After the transformations, I am ready to do some exploratory analysis to determine the most frequent unigrams, bigrams, and trigrams (sets of 1, 2, and 3 words that occur together).

Let’s first look and the list of characters in the corpus and a small sample of text from one of the documents to get a feel for how it looks.

rm(corp) # Reload the corpus from the new file to ensure changes are set
corp <- VCorpus(DirSource("data/corp/small"))
print(myChars(corp), quote = F); print(strwrap(corp[[2]]$content[c(4,6)]), quote=F)

##  [1] '   < > a b c d e E f g h i j k l m n o O p q r s S t u U v w x y z

## [1] the storm prediction center has placed chicago in a severe weather
## [2] risk area wednesday and wednesday night and again thursday and    
## [3] thursday night <EOS> this indicates thunderstorms may at times    
## [4] grow severe <EOS>                                                 
## [5] vascular technologist lauren sherrill presses a hand held         
## [6] ultrasound device which looks like a sturdy silver pen on the top 
## [7] of his foot near his big toe <EOS> the ultrasound called a doppler
## [8] produces a static sound <EOS> then theres the thumping of         
## [9] granthams pulse <EOS>

As you can see, the text has far fewer characters than the original document and only apostrophes for punctuation. This will make it so that all instances of the same word are matched regardless of accent marks and capitalization.

Frequency of Terms

At this point, I realized the limitations of my computer’s ability to create document-term matrices using the tm package’s DocumentTermMatrix() function. Luckily I found the quanteda package, which performs many of the same functions as tm, but much faster, as much of its backend code is done in C++. (More on this in the Next Steps section below)

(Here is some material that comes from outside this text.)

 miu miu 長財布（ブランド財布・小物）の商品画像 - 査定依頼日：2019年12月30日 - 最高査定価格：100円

corp <- quanteda::corpus(corp)
freq_df <- function(x){
    # This helper function takes a token output and outputs a sorted N-gram frequency table
    fr <- sort(colSums(as.matrix(x)),decreasing = TRUE)
    df <- data.frame(n_gram = names(fr), freq=fr, row.names = NULL)
    return(df)
}

# Create N-grams and dataframes
uni <- dfm(tokens(corp, removeSymbols=TRUE), tolower=FALSE)
uni_freq <- freq_df(uni)
rm(uni)
uni_freq <- uni_freq[-1,]

biToks <- tokens_ngrams(tokens(corp, removeSymbols=TRUE), n=2L)
bi <- dfm(biToks, tolower=FALSE); rm(biToks)
bi_freq <- freq_df(bi)
rm(bi)
bi_freq <- bi_freq[-grep("EOS", bi_freq$n_gram),]

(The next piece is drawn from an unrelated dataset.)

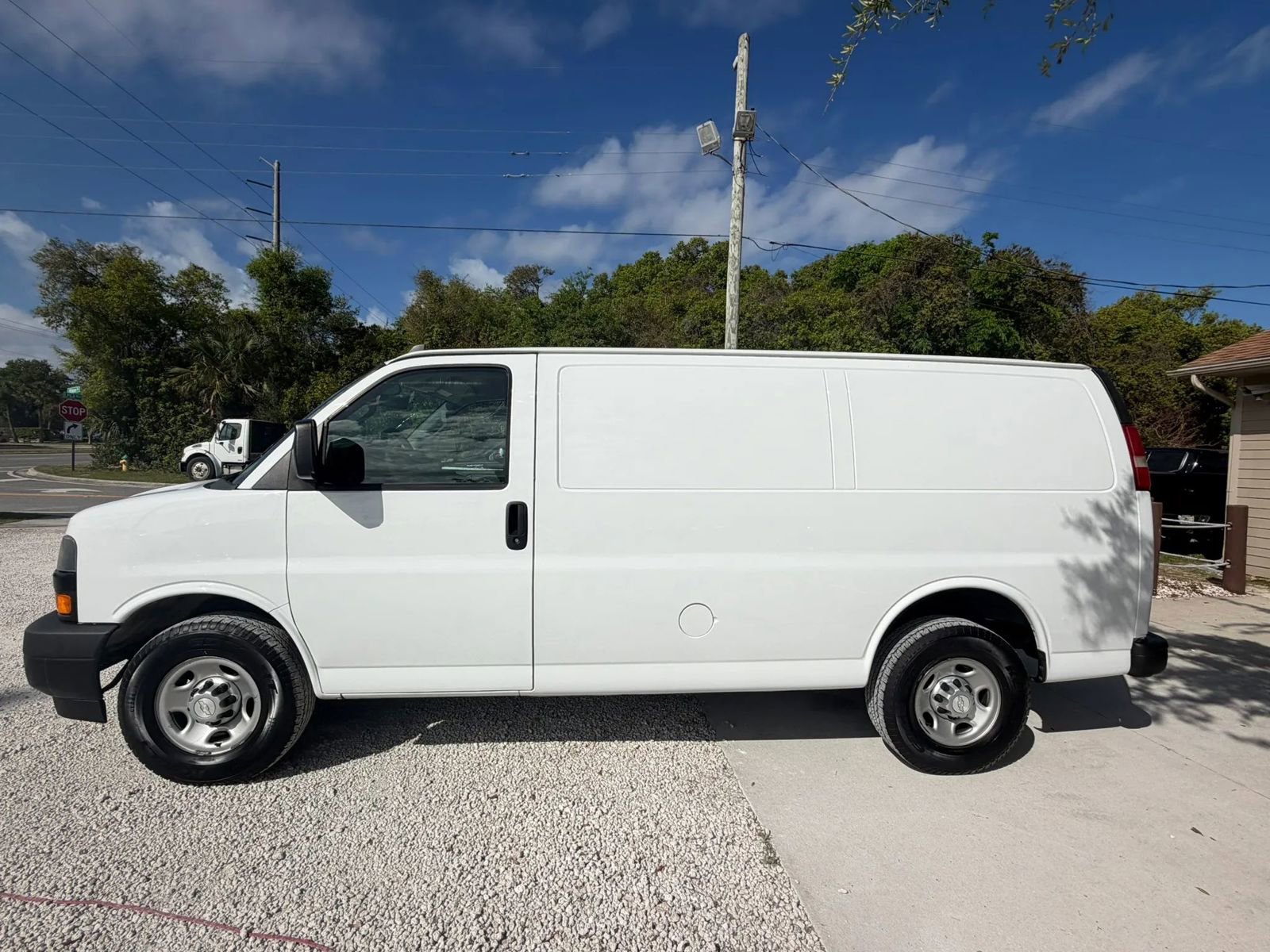 Used 2018 Chevrolet Express 2500 image 4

triToks <- tokens_ngrams(tokens(corp, removeSymbols=TRUE), n=3L)
tri <- dfm(triToks, tolower=FALSE); rm(triToks)
tri_freq <- freq_df(tri)
rm(tri)
tri_freq <- tri_freq[-grep("EOS", tri_freq$n_gram),]

Visualization

Let’s take a quick look at some plots of the most frequent unigrams, bigrams, and trigrams. I removed all instances of phrases that included the tag, since it was by far the most common and I am only interested in intra-sentence phrases at this point.

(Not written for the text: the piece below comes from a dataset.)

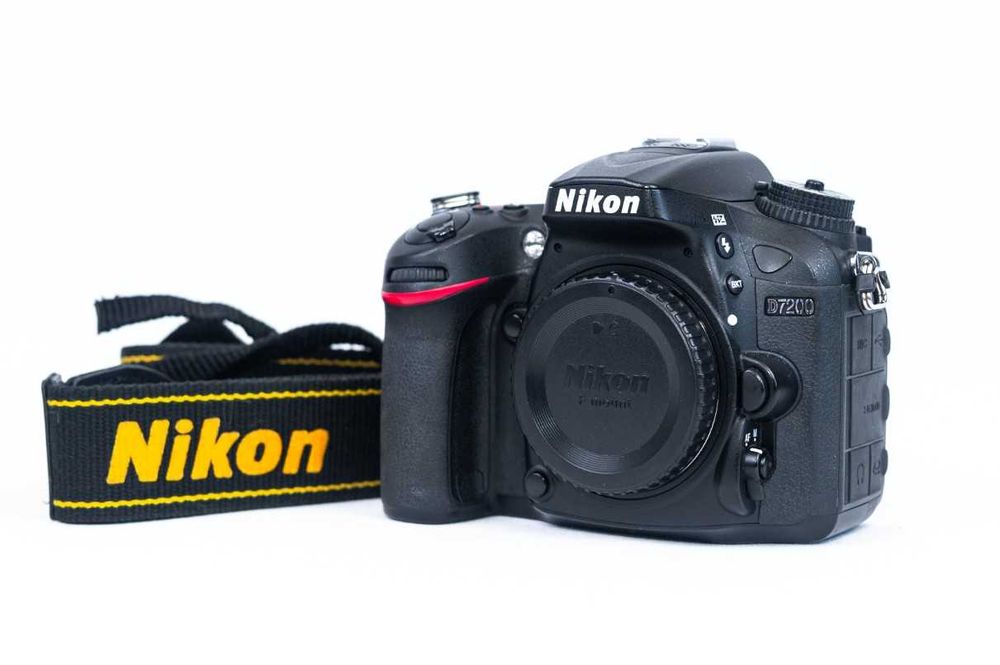 Nikon D7200 BODY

top40 <- function(df, title) {
    df <- df[1:40,]
    df$n_gram <- factor(df$n_gram, levels = df$n_gram[order(-df$freq)])
  ggplot(df, aes(x = n_gram, y = freq)) +
    geom_bar(stat = "identity", fill = "dodgerblue3", colour = "gray40") +
    labs(title = title, x="N-Gram", y="Count") +
    theme(axis.text.x = element_text(angle=60, size=12, hjust = 1),
          axis.title = element_text(size=14, face="bold"),
          plot.title = element_text(size=16, face="bold"))
}
top40(uni_freq, "40 Most Common Unigrams")

top40(bi_freq, "40 Most Common Bigrams")

top40(tri_freq, "40 Most Common Trigrams")

Next Steps

As I mentioned earlier, the quanteda package’s functions ran much faster on my machine. I will definitely use it for the remainder of the project.

Building The Models

I need to do the following:
- Carefully reconsider all the pre-processing steps I used to see if there is anything important I missed.
- Create dataframes of 1-,2-,3-, and possibly 4-grams based on the larger training dataset including word-relation frequencies.
- Look into using the filehash package to load parts of the data at a time to get around my machine’s RAM limitations.
- Create and test several prediction algorithms, with and without and tags and apply them to the development dataset to determine their efficacy and speed.
- Find a way to use either Katz backoff or Kneser-Ney smoothing to deal with unknown words.
- The final goal is to create a Shiny app, with a simple user interface that provides reactive predictions as quickly and accurately as possible.